まりかが壺を置き、組紐の封を解いた。ふたを取り、離れる。
りーんりーん・・・祓鈴を鳴らした。
壺の口から虫が出て来た。半透明な強欲たちは震えるように地面を這い、大岩をよじ登る。
やがて、吸い込まれるように岩の中へ消えた。
「強欲を人の中から祓い出しても、きちんと封じる手段と場所が確立している必要があります。それが無ければ、事故が起こります」
久美が静かに語った。
「封じる手段と場所・・・」
シェーリは母を思った。
母は強欲の重みに苦しみ、川に身を投げるざるを得なかった。それほどの強欲たちは、いったい何人分だったのか。どれほどホーチミンの人々の強欲は重かったのか・・・胸の苦しみがぶり返した。
こちらからアレが見えるなら、向こうからも見える・・・順は久美の言葉を思い起こした。かつて、自分に取り憑いていた強欲は、今はどこへ行ったのか。自分の中で小さくなって眠っているのか。それを探るには、巫女のような訓練が必要だろう。
神社からの帰り、バンには荷物が増えた。
エレキギターが3台、弦がゆるんだり切れたりしてるやつ。ギターアンプは2台、動くかは未確認。キーボードは1台、こちらも動作未確認。

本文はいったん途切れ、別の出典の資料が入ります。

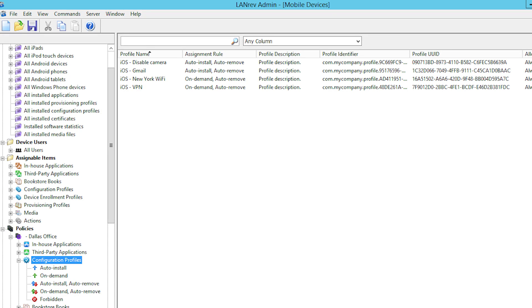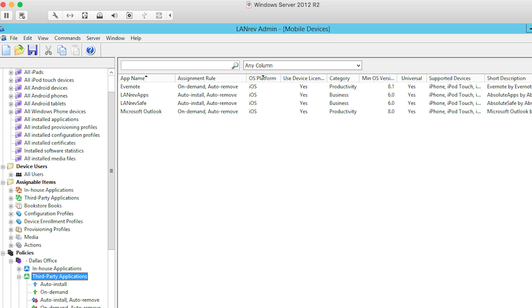That also includes mobile application management, which means being able to deploy applications from the various app stores. For example, the iOS App Store, volume licenses, VPP — the Volume Purchase Program — supporting that also.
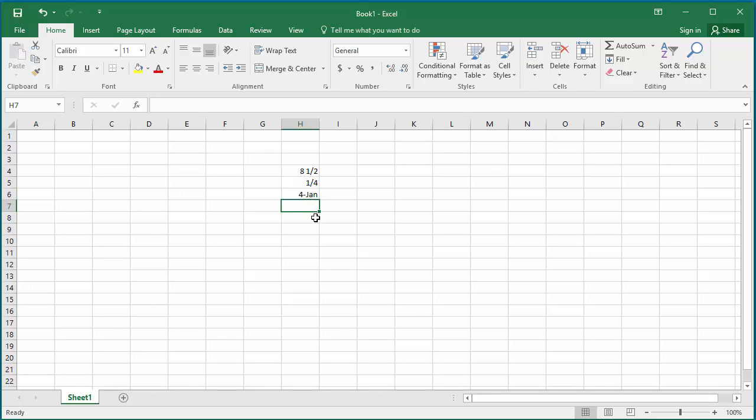If you select the cell with 1 by 4 fraction and see in the formula bar, decimal value 0.25 is displayed.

ハンドルをにぎりながら、順は努めて明るく振る舞った。
「昔は、おれは不良のワルだったんだ。いろいろやって、人に言えない苦労をしたつもりだったけど、きみに比べたら・・・薄い苦労だ」
ははっ、軽く笑って沈みそうな気分をごまかした。
シェーリも努めて顔を上げて前を見た。
「あたしの力は呪いではない・・・」
久美の言葉を胸の中で繰り返した。